- _Given entries_:
──────────────────────────────
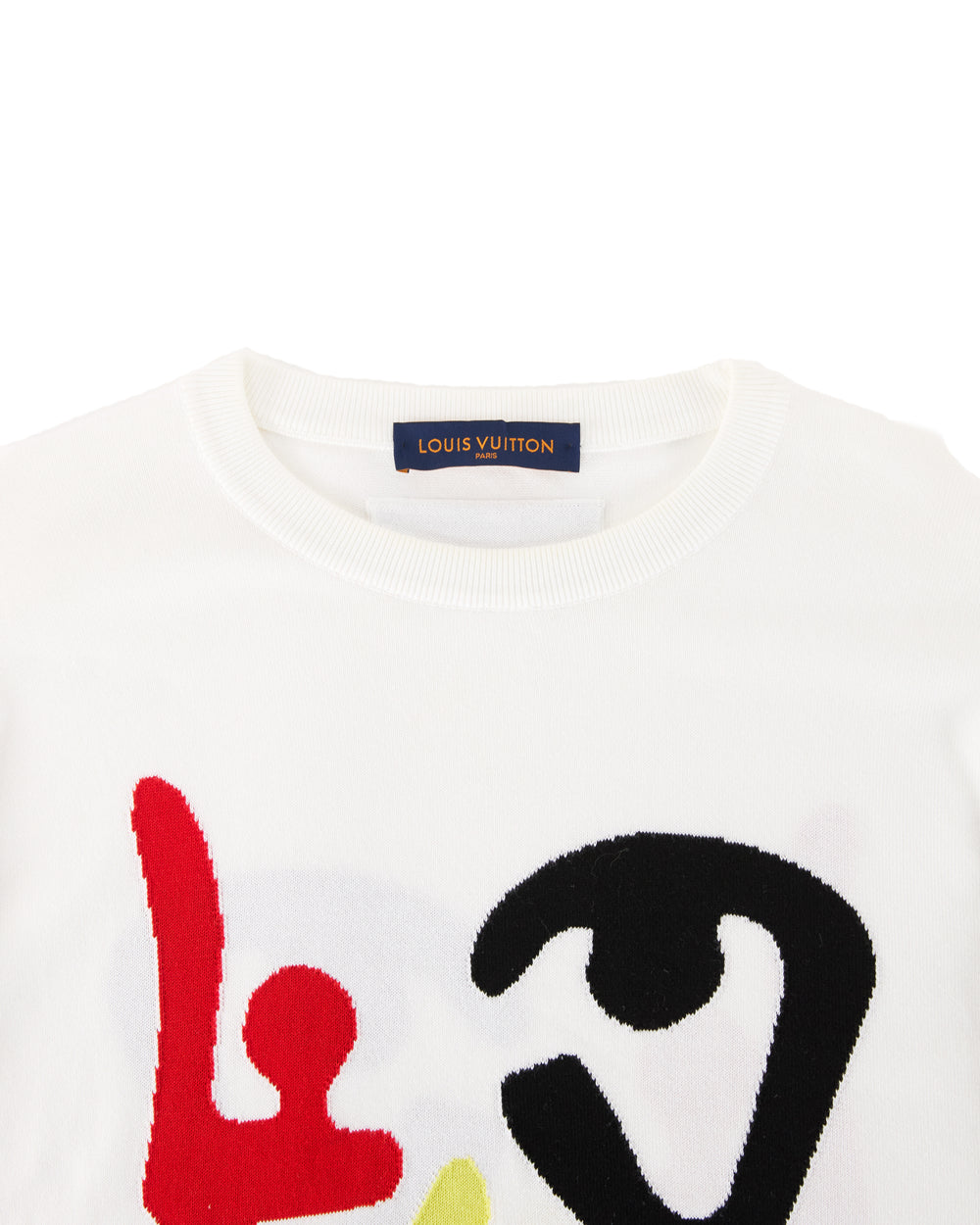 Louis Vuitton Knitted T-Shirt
──────────────────────────────
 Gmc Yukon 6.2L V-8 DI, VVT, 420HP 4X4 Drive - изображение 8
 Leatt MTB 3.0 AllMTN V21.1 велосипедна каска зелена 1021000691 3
──────────────────────────────
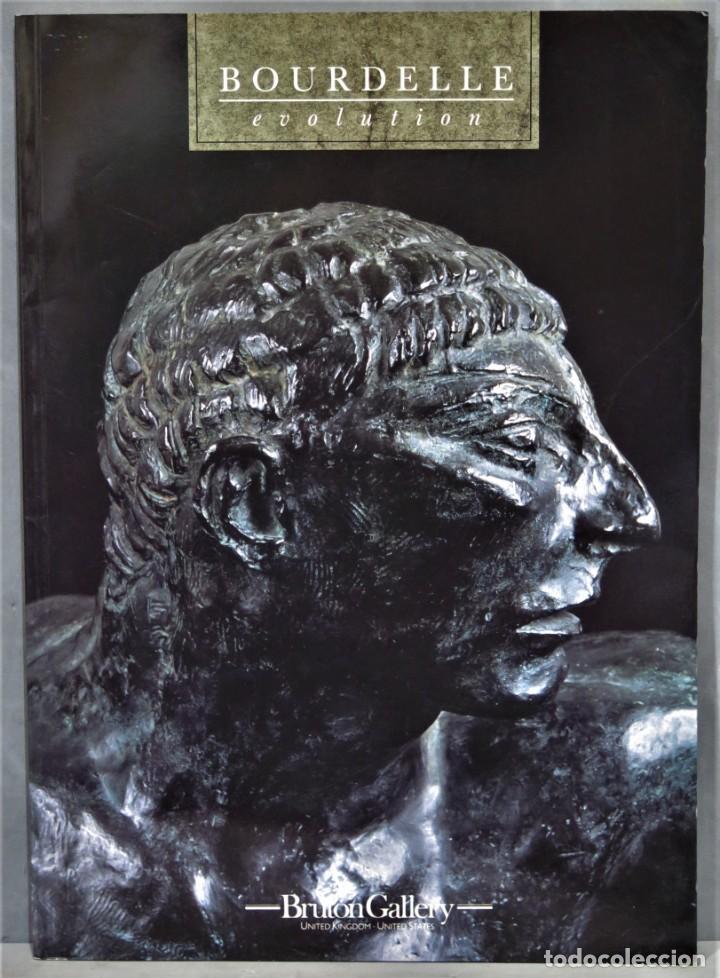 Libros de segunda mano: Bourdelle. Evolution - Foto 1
──────────────────────────────
- _What is expected_: Above are the records; from them, give again exactly the lines from the one containing "Gmc Yukon 6.2L" through the one containing "Leatt MTB 3.0", both included.

- _Solution for this exercise_:
 Gmc Yukon 6.2L V-8 DI, VVT, 420HP 4X4 Drive - изображение 8
 Leatt MTB 3.0 AllMTN V21.1 велосипедна каска зелена 1021000691 3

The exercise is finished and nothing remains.